Facebook Feed Dialogue as a Replacement to the Deprecated Facebook Share
Facebook announced in February of 2011 that they were deprecating the "share" functionality, which provided an easy way for users to share a link or page to their feed. What was nice about sharing, from a development perspective, was that you could simply link to the sharer.php page without any additional configuration required (i.e., www.facebook.com/sharer.php?u=http://singlebrook.com). One of our clients was using this functionality extensively, and even though it was officially deprecated, it continued to work as expected--until about two weeks ago.

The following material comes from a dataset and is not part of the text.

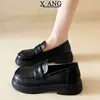 Sapatos Mocassins Femininos Couro Genuíno Camada Superior Bico Redondo Solado Grosso Estilo Novo Outono 2026 Sapato Pequeno de Couro para o Trabalho Solado Macio Sapatos Individuais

Go to the above link and you won't see any visible changes. The scrape is still working, and a user can indeed post to their wall. The problem is, however, shared posts are no longer appearing in friends' feeds. In other words "post to your wall" is now literally true, because that's the only place we could find the shared links appearing. Though I haven't found any reference to a clear decision by Facebook to remove these posts from a feed, the effect was that we needed to scramble quickly to find an alternative approach to sharing.

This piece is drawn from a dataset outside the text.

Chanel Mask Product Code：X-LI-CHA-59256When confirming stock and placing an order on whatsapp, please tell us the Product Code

Facebook's "Feed Dialogue" came to the rescue. The documentation is clear, and implementation requires only slightly more work than the share functionality (you have to register the application so that you can pass the API key to Facebook). You can pass custom properties to the API (such as a title, description, link and picture), or you can allow Facebook to scrape the provided link and attempt to generate the relevant properties from the data on the page.
The only real challenge we faced in the implementation was related to the source parameter, which we were using to pass the URL of the flash movie that the user was sharing. However, since the feed API doesn't accept a width or height parameter, the videos were being loaded at a default size of 400px x 224 px. Luckily, Facebook's scraping engine understands and respects the open graph tags on the linked page. So, in order to solve the size issue, we simply had to remove the source parameter and let the open graph tags do their magic.
Moral of the story: take deprecation warnings seriously and find alternatives before clients start calling to inquire why one of their business-critical features is no longer working.